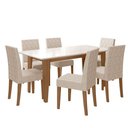 Ver imagem 2 de Conjunto Sala de Jantar Mesa com Tampo Chanfrado Liz 6 Cadeiras Estofadas Jade Poliman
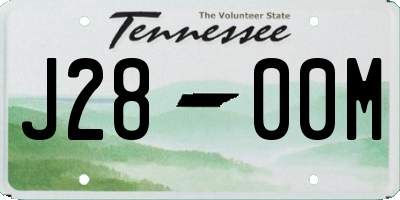TN license plate J2800M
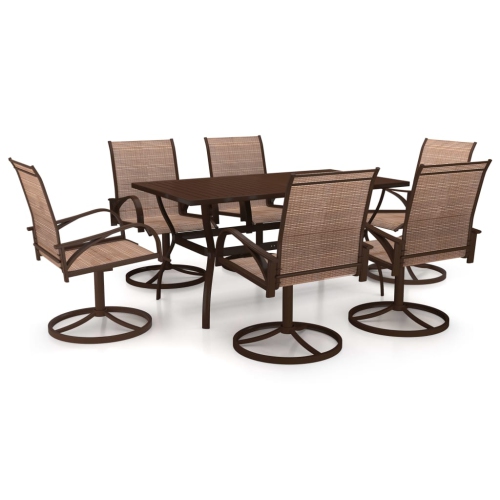 VIDAXL  7 Piece Garden Dining Set Textilene And Steel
+ + + + +
What needs to be done
Set down the data above verbatim, omitting every image.

Answer section
 Ver imagem 2 de Conjunto Sala de Jantar Mesa com Tampo Chanfrado Liz 6 Cadeiras Estofadas Jade Poliman
TN license plate J2800M
 VIDAXL  7 Piece Garden Dining Set Textilene And Steel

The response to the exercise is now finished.